Shishimarin is not the first highly publicised case in Ovsyannikov's career. In 2018, the Obolonsky court in Kyiv was trying ex-president of Ukraine Viktor Yanukovych accused of treason in absentia. His five lawyers left the session in protest, so that the court asked the Free Legal Aid Center for a state-funded lawyer to protect the defendant’s rights.
It turned out to be Ovsyannikov. “The free legal aid, they never give the client's name first. They say you have an appointment for defence tomorrow at 9am. We'll send you the file and you'll see. When I saw it [on Yanukovych case] at night, my sleep vanished just like that. Maybe I wouldn't be so eager to take on Yanukovych's case... but this is the usual practice," he says.
He only took part for one day in court. "At first I had not planned to go to see Yanukovych.
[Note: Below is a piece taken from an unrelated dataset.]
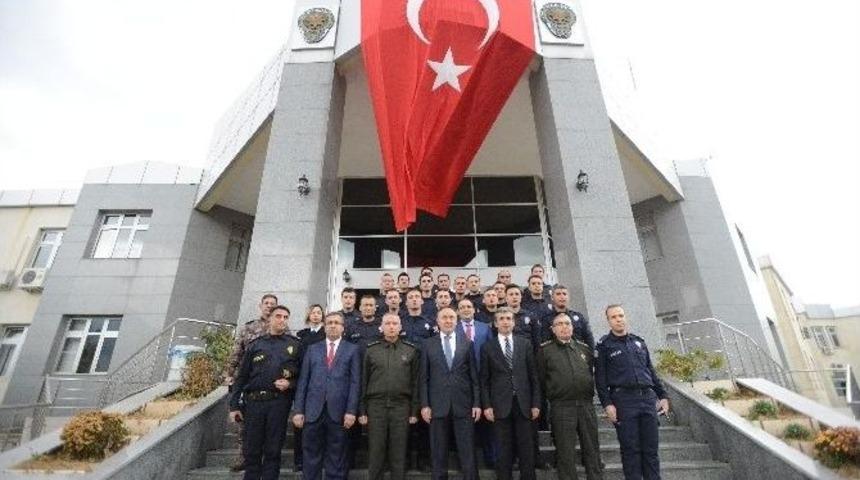 Vali Altıparmak&rsquo;tan, Polise Moral Ziyareti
But he officially sent me an invitation", and the counsel considered it was his duty to meet the client, in the Russian Federation. “[The court] treated me like a piece of furniture... they said: here’s a lawyer, so we can have a hearing. The prosecutor brought himself a megaphone and some speakers system... In general, it was a very funny case,” he recalls.
“Addicted” to free legal aid
At the end of August, it will be 10 years since Ovsyannikov took the bar exam.
Since 2018, he has been practising as a public defender with the Free Legal Aid Centre. “Before that, I worked privately in economic, administrative and civil cases. On free legal aid, I’ve been working almost exclusively pro bono on criminal cases, and it quickly made me an addict... Private contracts make you run after the client, but here the client runs after you. Also, in our country, people don't have that much money for big lawyer fees. It’s a regular job.”
Ovsyannikov opens an Excel file on his laptop and shows how defence counsel's fees are calculated, depending on several parameters: detention, number of court sessions, severity of the crime, etc. In the case of Shishimarin, he says his fee was around 25 thousand hryvnias [675 euro]. This included the pre-trial investigation, first instance and appeal.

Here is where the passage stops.